(Extracted data entries)
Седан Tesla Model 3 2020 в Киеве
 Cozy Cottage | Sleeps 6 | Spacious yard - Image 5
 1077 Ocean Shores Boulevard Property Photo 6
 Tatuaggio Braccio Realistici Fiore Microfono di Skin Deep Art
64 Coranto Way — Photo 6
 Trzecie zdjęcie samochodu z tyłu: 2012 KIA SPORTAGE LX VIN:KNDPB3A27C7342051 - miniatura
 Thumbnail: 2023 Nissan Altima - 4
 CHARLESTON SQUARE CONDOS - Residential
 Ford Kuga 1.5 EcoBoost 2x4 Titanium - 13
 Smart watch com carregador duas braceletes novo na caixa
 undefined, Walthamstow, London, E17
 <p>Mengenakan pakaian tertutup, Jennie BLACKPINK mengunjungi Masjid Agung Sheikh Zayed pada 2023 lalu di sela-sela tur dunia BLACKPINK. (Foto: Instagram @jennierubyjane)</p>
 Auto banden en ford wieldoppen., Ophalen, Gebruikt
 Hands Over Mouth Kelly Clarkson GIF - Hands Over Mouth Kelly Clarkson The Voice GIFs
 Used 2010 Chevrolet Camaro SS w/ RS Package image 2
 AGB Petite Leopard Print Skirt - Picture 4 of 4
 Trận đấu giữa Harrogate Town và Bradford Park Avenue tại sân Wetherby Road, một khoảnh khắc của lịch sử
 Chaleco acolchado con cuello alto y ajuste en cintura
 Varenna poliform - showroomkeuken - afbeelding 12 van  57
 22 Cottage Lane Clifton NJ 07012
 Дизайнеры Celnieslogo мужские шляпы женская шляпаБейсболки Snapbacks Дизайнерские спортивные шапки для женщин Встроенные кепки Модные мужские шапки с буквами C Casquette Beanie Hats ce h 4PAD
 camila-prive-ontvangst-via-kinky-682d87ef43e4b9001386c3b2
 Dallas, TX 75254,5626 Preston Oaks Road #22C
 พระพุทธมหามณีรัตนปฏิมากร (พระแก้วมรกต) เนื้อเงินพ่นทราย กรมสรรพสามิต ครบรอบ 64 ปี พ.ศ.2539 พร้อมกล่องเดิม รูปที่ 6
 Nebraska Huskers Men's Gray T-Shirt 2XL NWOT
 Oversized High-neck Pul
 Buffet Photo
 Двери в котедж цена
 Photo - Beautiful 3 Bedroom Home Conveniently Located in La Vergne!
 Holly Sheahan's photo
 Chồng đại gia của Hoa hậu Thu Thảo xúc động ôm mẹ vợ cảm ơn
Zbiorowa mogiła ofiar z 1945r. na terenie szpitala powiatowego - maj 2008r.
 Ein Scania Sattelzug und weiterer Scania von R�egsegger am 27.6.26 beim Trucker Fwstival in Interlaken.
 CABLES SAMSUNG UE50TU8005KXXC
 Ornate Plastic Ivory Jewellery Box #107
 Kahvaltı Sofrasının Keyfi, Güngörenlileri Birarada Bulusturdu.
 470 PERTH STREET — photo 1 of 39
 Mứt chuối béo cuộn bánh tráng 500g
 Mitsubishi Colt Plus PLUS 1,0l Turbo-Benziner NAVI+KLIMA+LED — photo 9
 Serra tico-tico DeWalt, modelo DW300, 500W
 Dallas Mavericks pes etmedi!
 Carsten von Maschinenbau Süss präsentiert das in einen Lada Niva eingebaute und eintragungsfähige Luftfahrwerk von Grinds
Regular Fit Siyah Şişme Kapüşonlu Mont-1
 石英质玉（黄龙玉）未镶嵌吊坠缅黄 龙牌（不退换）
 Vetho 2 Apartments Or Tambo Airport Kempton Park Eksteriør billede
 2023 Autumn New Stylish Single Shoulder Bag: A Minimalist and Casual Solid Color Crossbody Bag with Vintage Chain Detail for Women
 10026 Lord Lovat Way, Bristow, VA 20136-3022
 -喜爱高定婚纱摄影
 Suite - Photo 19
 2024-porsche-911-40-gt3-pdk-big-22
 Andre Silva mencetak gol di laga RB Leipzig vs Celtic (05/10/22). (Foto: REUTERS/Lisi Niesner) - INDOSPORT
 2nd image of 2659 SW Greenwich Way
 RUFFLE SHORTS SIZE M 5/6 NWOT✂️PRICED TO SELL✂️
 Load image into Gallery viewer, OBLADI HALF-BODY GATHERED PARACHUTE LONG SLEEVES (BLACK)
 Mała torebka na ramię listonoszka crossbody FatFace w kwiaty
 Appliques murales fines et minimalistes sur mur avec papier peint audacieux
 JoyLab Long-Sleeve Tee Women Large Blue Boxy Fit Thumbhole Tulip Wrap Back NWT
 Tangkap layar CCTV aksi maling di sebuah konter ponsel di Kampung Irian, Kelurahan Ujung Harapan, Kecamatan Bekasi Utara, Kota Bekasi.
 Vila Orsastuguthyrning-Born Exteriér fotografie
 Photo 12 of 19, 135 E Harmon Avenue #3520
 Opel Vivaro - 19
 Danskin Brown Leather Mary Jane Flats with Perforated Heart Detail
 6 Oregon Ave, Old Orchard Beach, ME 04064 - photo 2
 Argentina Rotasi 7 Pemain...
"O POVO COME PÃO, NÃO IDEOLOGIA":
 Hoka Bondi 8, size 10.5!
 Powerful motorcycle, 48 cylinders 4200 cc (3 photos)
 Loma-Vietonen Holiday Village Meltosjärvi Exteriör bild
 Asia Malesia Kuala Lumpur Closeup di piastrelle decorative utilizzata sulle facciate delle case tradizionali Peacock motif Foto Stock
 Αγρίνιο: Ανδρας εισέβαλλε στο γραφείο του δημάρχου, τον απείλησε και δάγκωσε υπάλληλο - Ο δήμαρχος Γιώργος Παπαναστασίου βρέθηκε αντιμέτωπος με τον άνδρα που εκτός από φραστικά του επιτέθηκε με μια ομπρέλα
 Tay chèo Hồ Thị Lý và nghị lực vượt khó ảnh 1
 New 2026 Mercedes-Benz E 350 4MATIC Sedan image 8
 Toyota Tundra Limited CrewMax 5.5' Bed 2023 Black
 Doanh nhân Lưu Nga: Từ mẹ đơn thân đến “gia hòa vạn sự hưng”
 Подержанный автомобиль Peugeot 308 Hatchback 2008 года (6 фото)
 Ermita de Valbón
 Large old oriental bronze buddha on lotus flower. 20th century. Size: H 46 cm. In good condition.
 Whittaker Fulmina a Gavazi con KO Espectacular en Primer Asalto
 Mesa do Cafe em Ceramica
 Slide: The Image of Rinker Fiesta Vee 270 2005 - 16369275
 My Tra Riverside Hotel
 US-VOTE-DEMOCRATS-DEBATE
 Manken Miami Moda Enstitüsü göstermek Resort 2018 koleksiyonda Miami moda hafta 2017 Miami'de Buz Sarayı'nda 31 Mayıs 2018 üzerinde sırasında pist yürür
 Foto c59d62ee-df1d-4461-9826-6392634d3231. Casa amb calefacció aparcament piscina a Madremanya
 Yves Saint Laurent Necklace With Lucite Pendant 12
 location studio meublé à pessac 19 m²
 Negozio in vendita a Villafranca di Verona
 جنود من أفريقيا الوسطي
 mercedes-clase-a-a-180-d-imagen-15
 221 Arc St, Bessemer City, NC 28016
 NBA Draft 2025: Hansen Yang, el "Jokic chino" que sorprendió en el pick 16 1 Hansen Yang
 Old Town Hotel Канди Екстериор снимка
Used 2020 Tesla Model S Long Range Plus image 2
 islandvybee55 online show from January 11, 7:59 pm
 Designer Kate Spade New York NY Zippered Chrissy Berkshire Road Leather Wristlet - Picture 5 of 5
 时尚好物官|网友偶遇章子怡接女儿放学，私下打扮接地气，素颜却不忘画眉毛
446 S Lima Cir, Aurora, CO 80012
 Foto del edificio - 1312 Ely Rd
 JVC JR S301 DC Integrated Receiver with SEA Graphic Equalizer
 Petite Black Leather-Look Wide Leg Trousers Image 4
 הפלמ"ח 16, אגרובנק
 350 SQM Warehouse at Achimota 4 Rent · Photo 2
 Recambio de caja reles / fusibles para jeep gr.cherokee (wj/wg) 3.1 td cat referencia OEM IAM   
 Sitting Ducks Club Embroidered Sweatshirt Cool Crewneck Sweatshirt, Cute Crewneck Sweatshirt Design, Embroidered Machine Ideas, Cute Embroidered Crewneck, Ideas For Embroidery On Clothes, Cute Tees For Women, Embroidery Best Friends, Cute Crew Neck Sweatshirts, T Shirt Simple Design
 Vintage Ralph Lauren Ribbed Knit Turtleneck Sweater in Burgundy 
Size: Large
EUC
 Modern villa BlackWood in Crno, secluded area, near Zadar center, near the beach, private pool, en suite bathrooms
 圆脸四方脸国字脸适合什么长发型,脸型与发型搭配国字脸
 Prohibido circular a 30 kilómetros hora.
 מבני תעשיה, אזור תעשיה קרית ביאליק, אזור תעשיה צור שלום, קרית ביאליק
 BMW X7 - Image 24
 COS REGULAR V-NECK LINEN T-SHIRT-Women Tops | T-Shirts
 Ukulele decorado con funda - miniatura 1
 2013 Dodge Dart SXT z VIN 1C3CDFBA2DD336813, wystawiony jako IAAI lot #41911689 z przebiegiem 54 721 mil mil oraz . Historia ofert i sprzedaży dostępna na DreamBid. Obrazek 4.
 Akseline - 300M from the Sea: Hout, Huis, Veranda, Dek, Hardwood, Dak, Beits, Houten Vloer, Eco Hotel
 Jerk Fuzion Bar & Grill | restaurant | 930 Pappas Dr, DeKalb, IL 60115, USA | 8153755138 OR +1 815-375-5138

> **TASK TO COMPLETE**
Repeat, word for word, the lines from the start of the records to the line that contains "Auto banden en", both of them included, and no others.

> **RESPONSE TO THIS TASK**
Седан Tesla Model 3 2020 в Киеве
 Cozy Cottage | Sleeps 6 | Spacious yard - Image 5
 1077 Ocean Shores Boulevard Property Photo 6
 Tatuaggio Braccio Realistici Fiore Microfono di Skin Deep Art
64 Coranto Way — Photo 6
 Trzecie zdjęcie samochodu z tyłu: 2012 KIA SPORTAGE LX VIN:KNDPB3A27C7342051 - miniatura
 Thumbnail: 2023 Nissan Altima - 4
 CHARLESTON SQUARE CONDOS - Residential
 Ford Kuga 1.5 EcoBoost 2x4 Titanium - 13
 Smart watch com carregador duas braceletes novo na caixa
 undefined, Walthamstow, London, E17
 <p>Mengenakan pakaian tertutup, Jennie BLACKPINK mengunjungi Masjid Agung Sheikh Zayed pada 2023 lalu di sela-sela tur dunia BLACKPINK. (Foto: Instagram @jennierubyjane)</p>
 Auto banden en ford wieldoppen., Ophalen, Gebruikt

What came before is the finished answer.